• **Problem statement**: No pictures should be carried over. Output all other parts of the entries verbatim.

• **Extracted entries**:

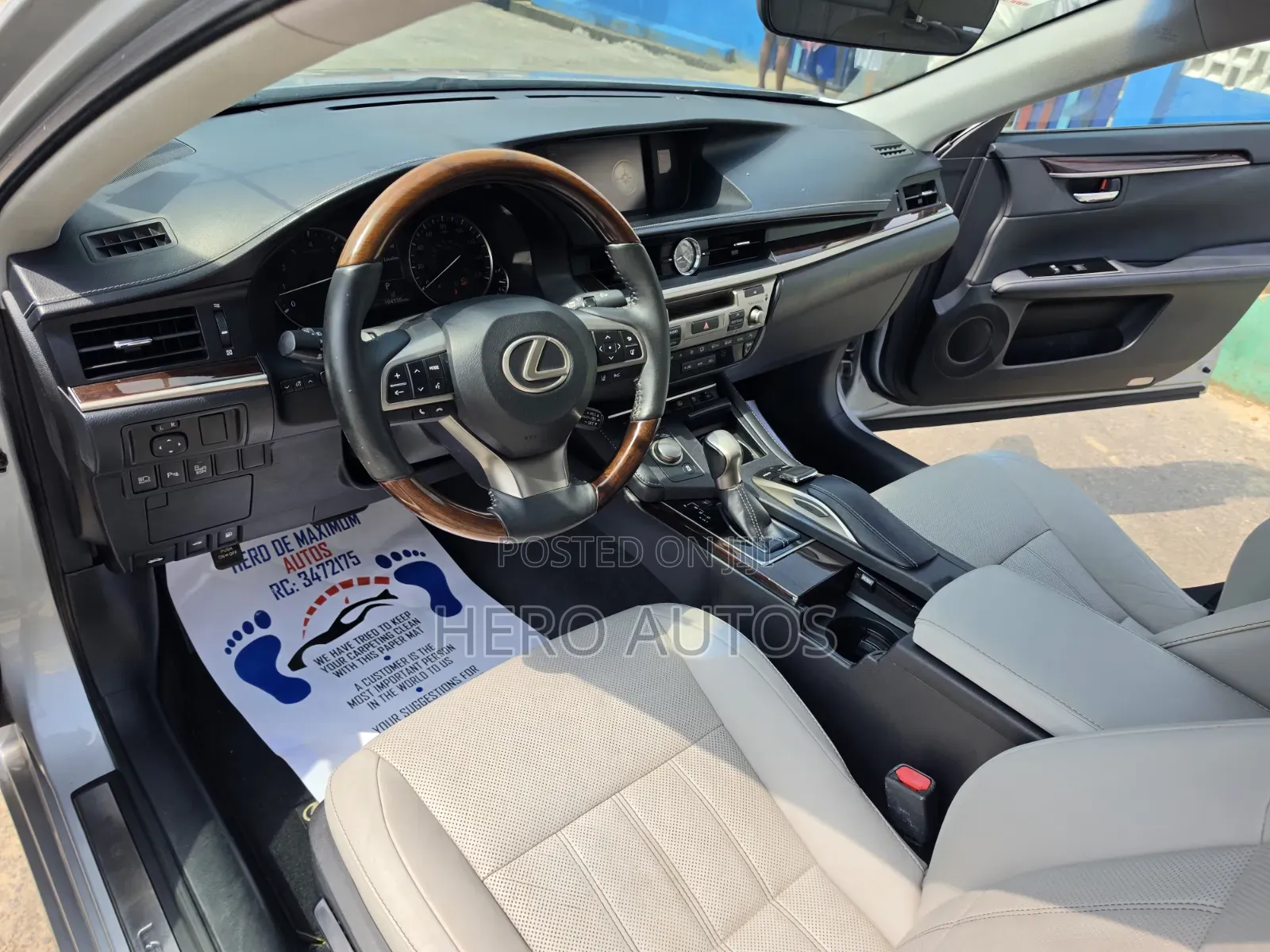 Lexus ES 2016 Silver
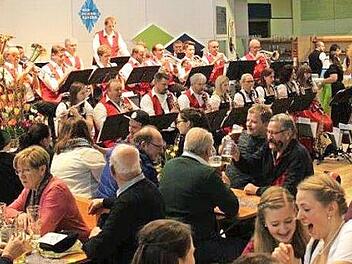 Einen starken Auftritt hatte die Schorgasttaler Blasmusik auf der Gr&uuml;nen Woche in Berlin. Foto: privat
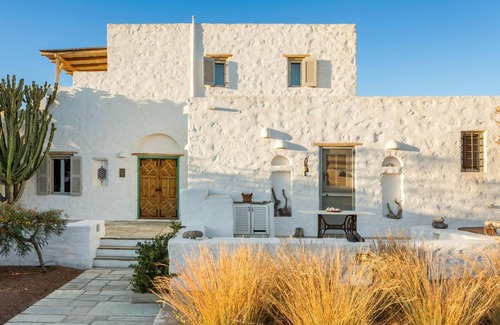 Paros Villa | Exclusive Luxury Villa with Pool and Sea on Voutakos Beach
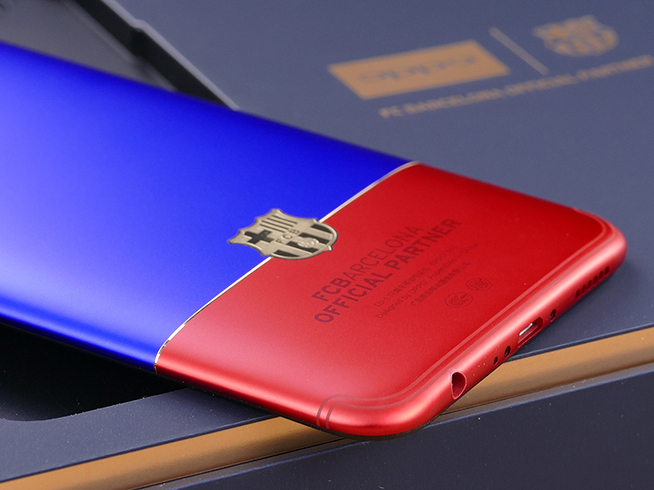 OPPO R11巴薩限量版開(kāi)箱：感受紅藍(lán)百年榮耀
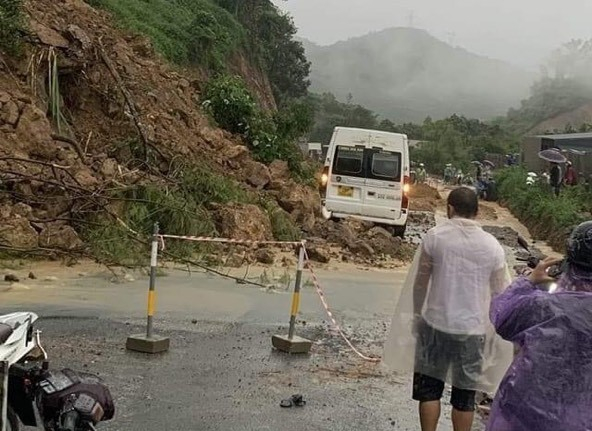 Lực lượng chức năng đang khẩn trương khắc phục sự cố.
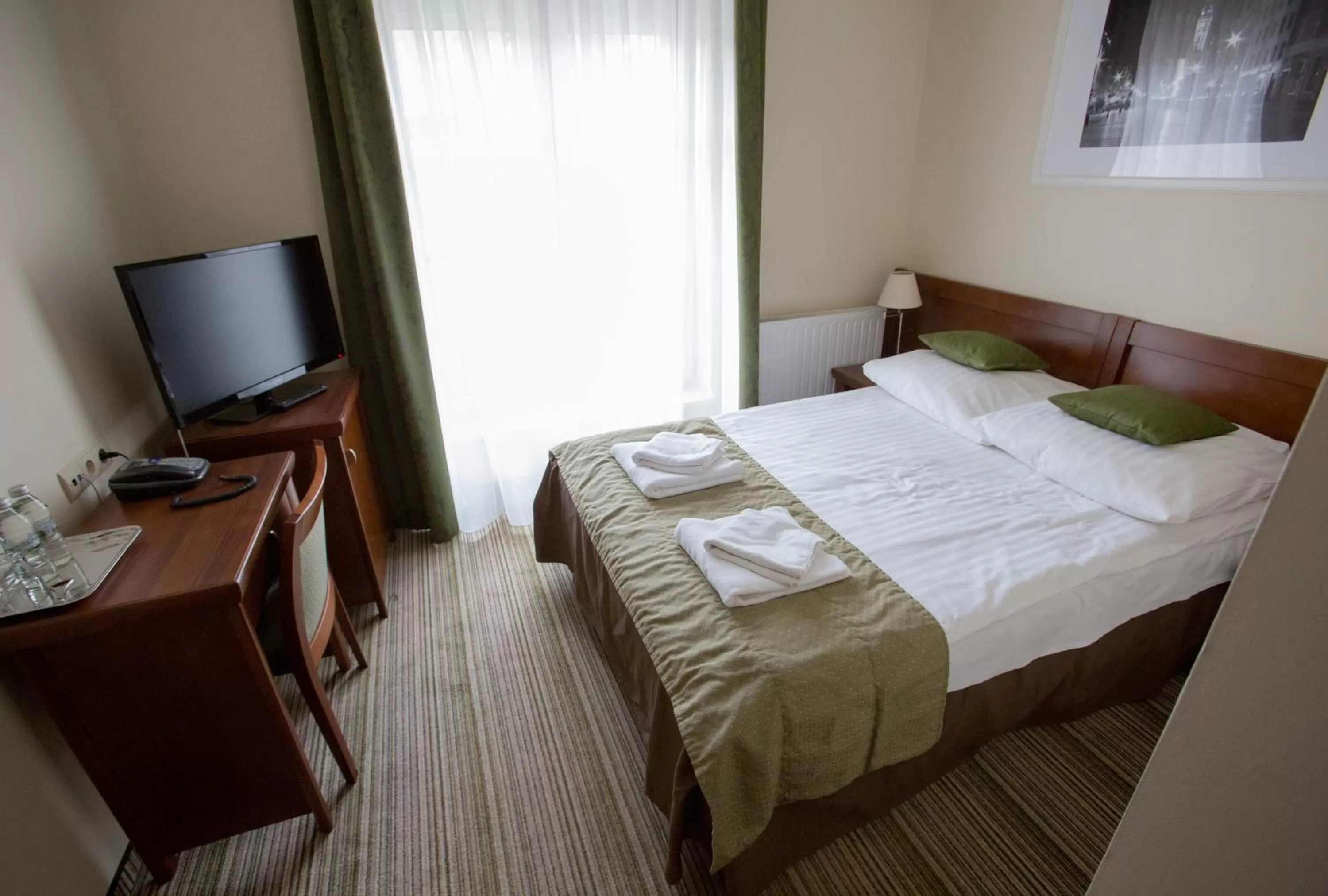 Bedroom, Bed in Villa Palladium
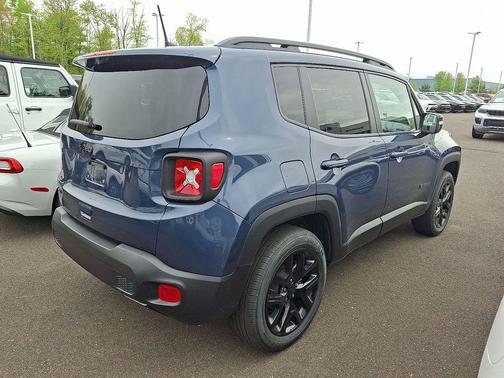 Slate Blue Pearlcoat 2022 Jeep Renegade Altitude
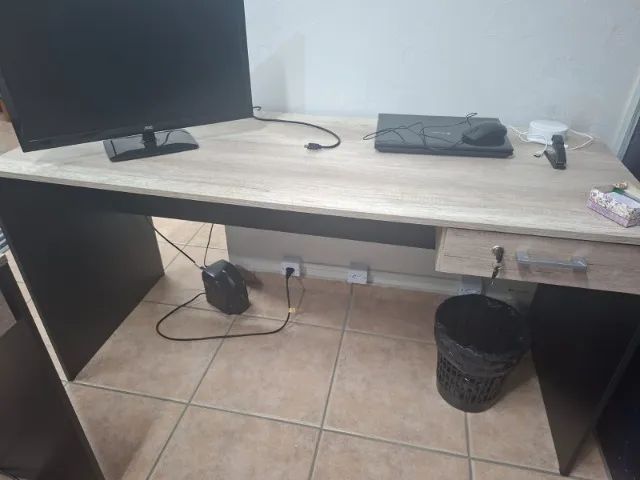 MESA DE ESCRITÓRIO SEMINOVA ? ESTILO MODERNO - Foto 5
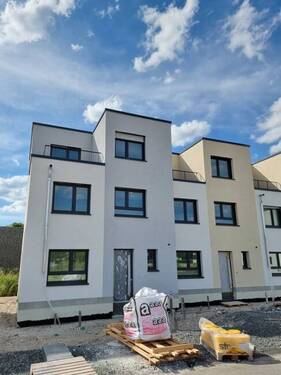 Front Ansicht Haus 23 - Endlich ankommen - 6-Zimmer Reiheneckhaus, Dachterrasse + sonniger Garten! *Hessengeld gecheckt?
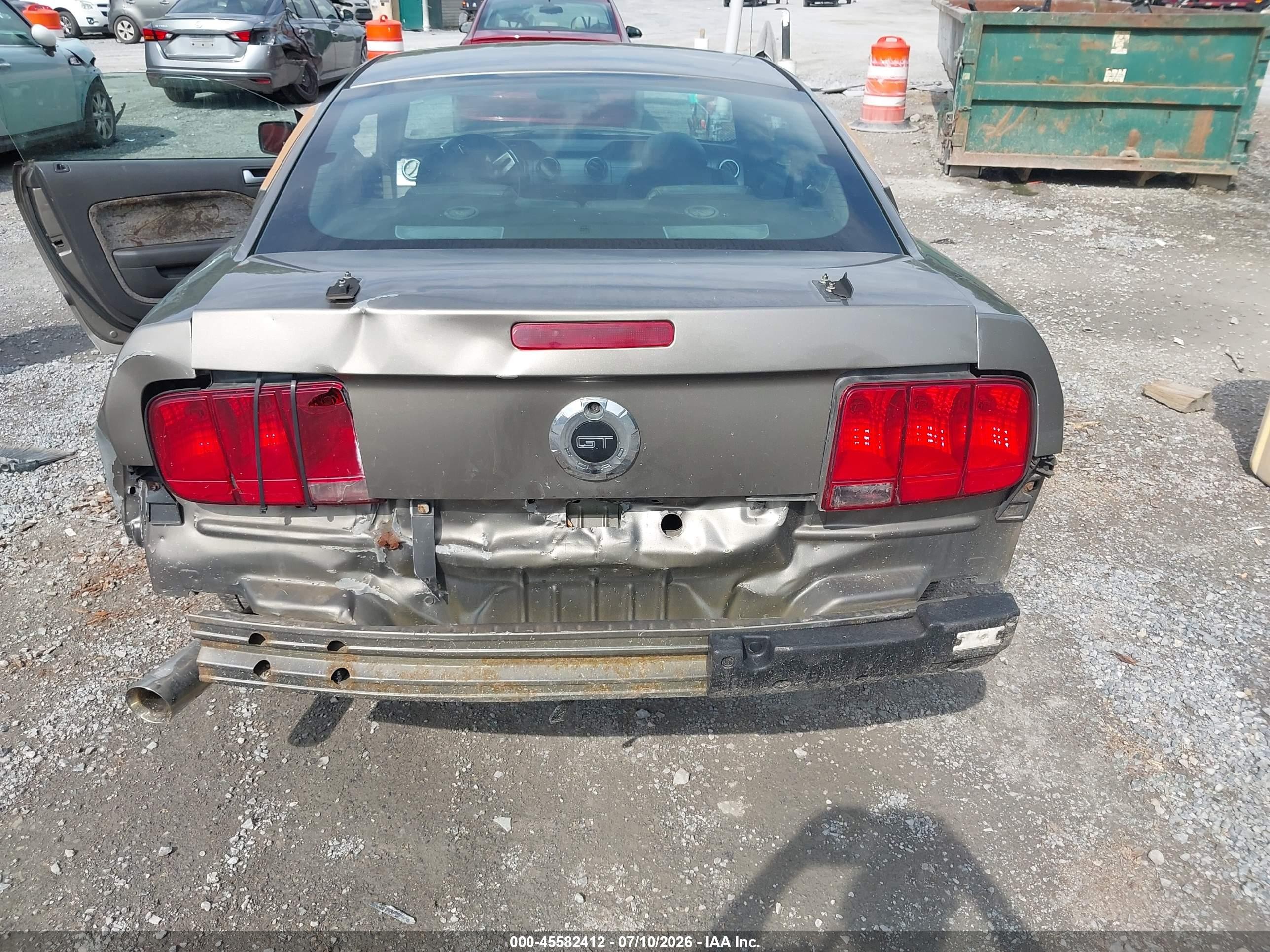 2005 Ford Mustang Gt Deluxe/gt Premium Gray vin: 1ZVHT82H355252022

• **Solution to this exercise**:
 Lexus ES 2016 Silver
 Einen starken Auftritt hatte die Schorgasttaler Blasmusik auf der Gr&uuml;nen Woche in Berlin. Foto: privat
 Paros Villa | Exclusive Luxury Villa with Pool and Sea on Voutakos Beach
 OPPO R11巴薩限量版開(kāi)箱：感受紅藍(lán)百年榮耀
 Lực lượng chức năng đang khẩn trương khắc phục sự cố.
 Bedroom, Bed in Villa Palladium
 Slate Blue Pearlcoat 2022 Jeep Renegade Altitude
 MESA DE ESCRITÓRIO SEMINOVA ? ESTILO MODERNO - Foto 5
 Front Ansicht Haus 23 - Endlich ankommen - 6-Zimmer Reiheneckhaus, Dachterrasse + sonniger Garten! *Hessengeld gecheckt?
 2005 Ford Mustang Gt Deluxe/gt Premium Gray vin: 1ZVHT82H355252022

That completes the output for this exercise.